Over the weekend we held the NetSurf developer workshop. The event was kindly hosted by Collabora at their Cambridge offices. The provided facilities were agreed to be excellent and contributed to the success of the event.
Five developers managed to attend from around the UK John-Mark Bell, Vincent Sanders, Michael Drake, Daniel Silverstone and Rob Kendrick. In addition James Shaw, one of the project founders, made a special appearance on Saturday.
Starting from Friday afternoon we each put in over 25 hours of actual useful work and made almost 170 commits changing over 350 files, added 10,000 new lines of code and altered another 18,000.
The main aim of the event was to make the transition from using libxml2 to our own libdom library for the browser DOM tree.

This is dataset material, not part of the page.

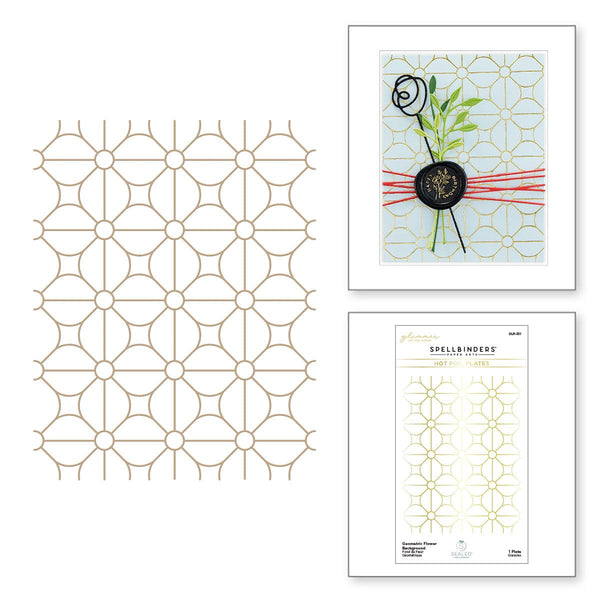 Spellbinders Layered Geometric Optical Stencils, One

This was done to improve the browsers performance and size when manipulating the DOM but also gives us the ability to extend the browsers features to include dynamic rendering and Javascript
We also took the opportunity to discuss and plan other issues including:
- User interface message handling and translation.
- User preference handling.
- Toolchain support.
- Disc caching.
- Javascript binding
- Electronic book content handler.
Rob tackled the first parts of the messages conversion from numerous separate files into a single easy to handle file which will in future allow for easier translation and reduce message proliferation.

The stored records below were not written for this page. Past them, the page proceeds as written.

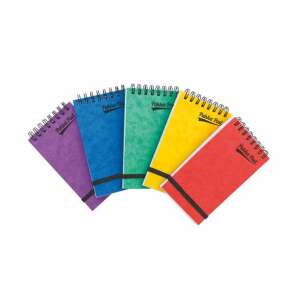 Pukka Pad Pressboard A7 jegyzetfüzet, vegyes színek, vonalas - Pukka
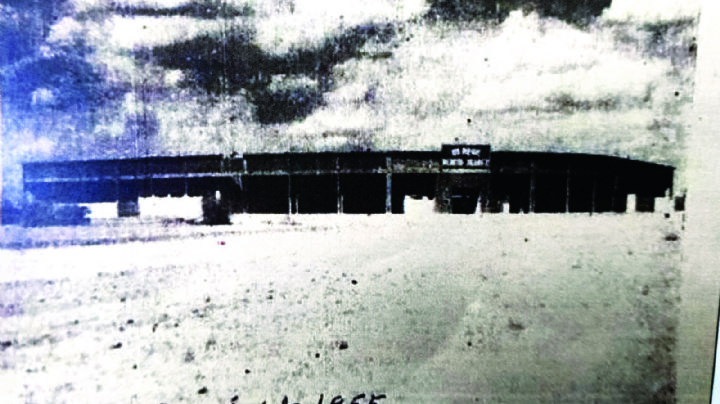 La Junta, parque histórico en Nuevo Laredo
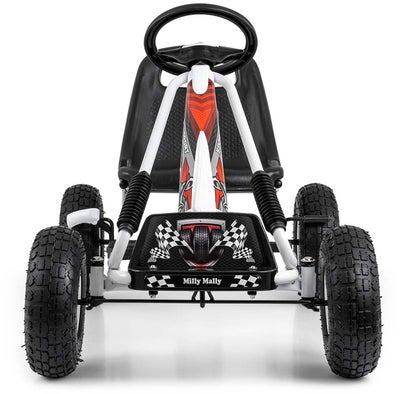 Milly Mally Pedal-gokart Thor, Hvit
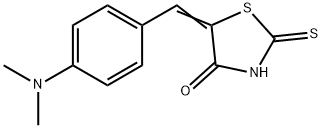 p-Dimethylaminobenzalrhodanine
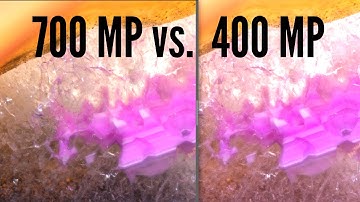 Fujifilm GFX PixelShift Versus Photo AI Upresolution - A Comparison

We made decisions on the ongoing rework of user preference handling which will be implemented in future.
The decision on the toolchain was slightly changed to be that any core or library code (non frontend/toolkit specific parts) are required to conform to the C99 standard. Frontends are permitted to recommend and use whatever tools their maintainer selects but they cannot enforce those restrictions on core code. This issue is principly because the BeOS maintainer is compiling NetSurf with g++ 2.95 which is missing several important language features we wish to use.
The recurring issue of disc caching was raised again and we have come up with what we hope is a reasonably elegant solution to be implemented over the forthcoming months.

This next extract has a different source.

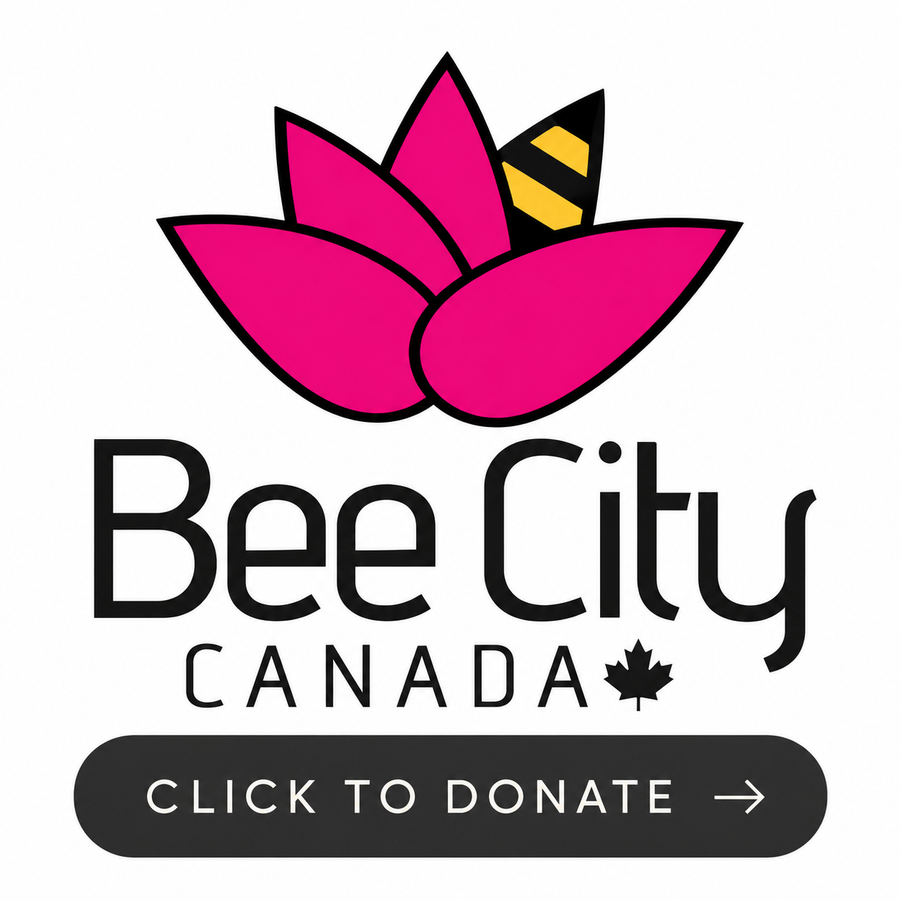 Donate to Bee City Canada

Now there is a suitable DOM to bind against, the existing Javascript engine support will be properly integrated and should result in basic script support before the 3.0 release. This support will remain a build time option so NetSurf can continue to be used on platforms where the interpreter is too resource intensive to be used.
A short discussion about the possibility of integrating a basic page based content handler for epub and mobi type documents was discussed and while the idea was well received no decisions on implementation were made.
Overall the event was a resounding success and we are left with only a small handful of regressions which appear straightforward to solve. We also have a clear set of decisions on what we need to do to improve the browser.